● **THE TASK**
Nothing but the lines from the one containing "Шкаф Берген АПТС" through the end of the entries below should appear in your answer, transcribed exactly; please drop the pictures.
Segment Start: GIVEN ENTRIES
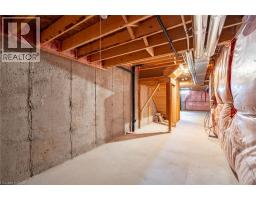 175 LORMONT Boulevard - 41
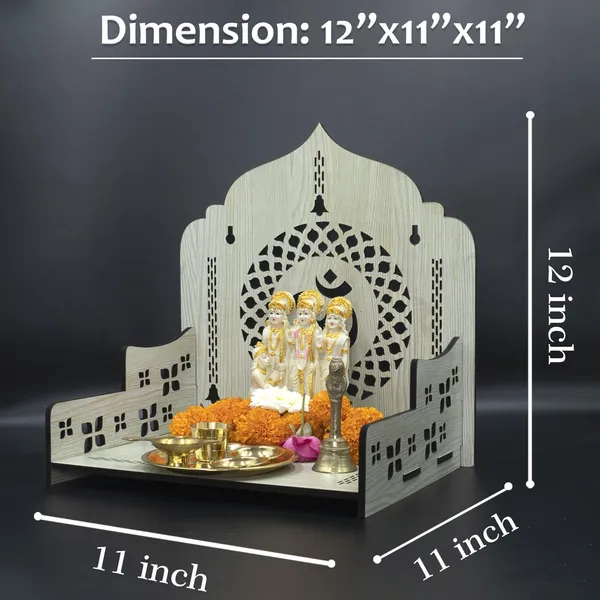 Wooden_Pooja_Mandir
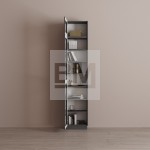 Шкаф Берген АПТС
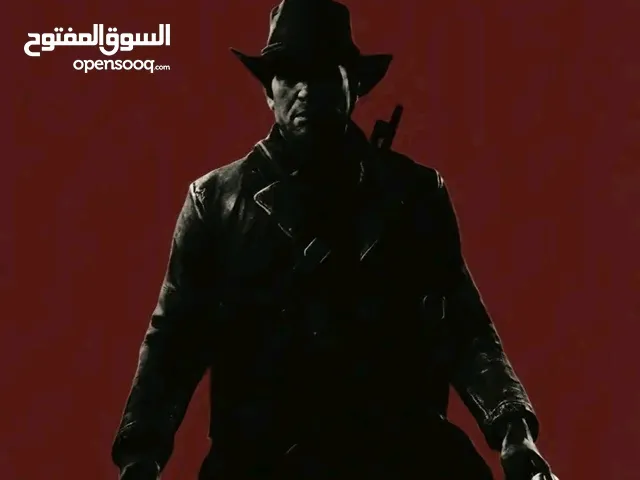 مطلوب كرت شاشة ميتجاوز ال 40 الف بلبصرة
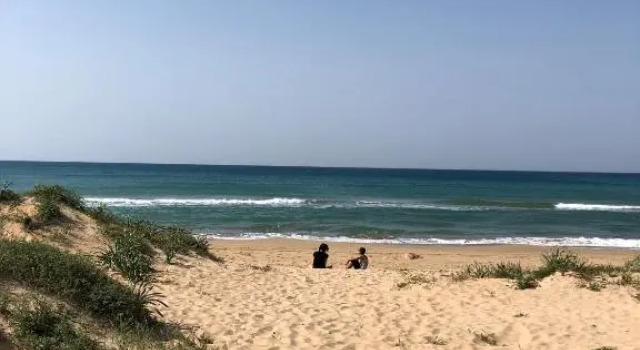 Villa Manu', Réserver Villa Menfi Sicile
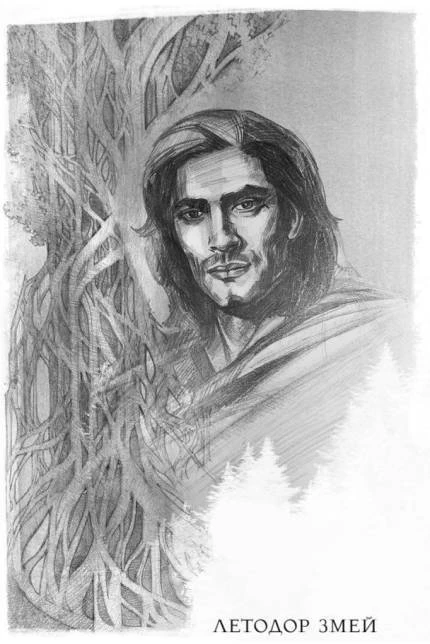 Иллюстрация к книге — Проклятие чёрного единорога [_0122.webp]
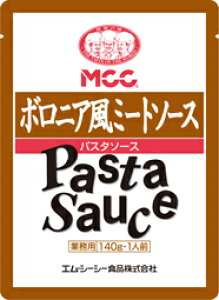 MCC@{jA~[g\[X 4901012045699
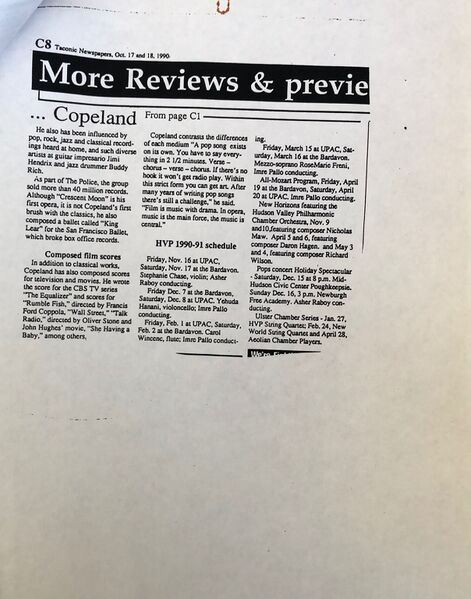 File:1993 CAMI press kit 15.jpg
Segment End: GIVEN ENTRIES
● **SOLUTION**
 Шкаф Берген АПТС
 مطلوب كرت شاشة ميتجاوز ال 40 الف بلبصرة
 Villa Manu', Réserver Villa Menfi Sicile
 Иллюстрация к книге — Проклятие чёрного единорога [_0122.webp]
 MCC@{jA~[g\[X 4901012045699
 File:1993 CAMI press kit 15.jpg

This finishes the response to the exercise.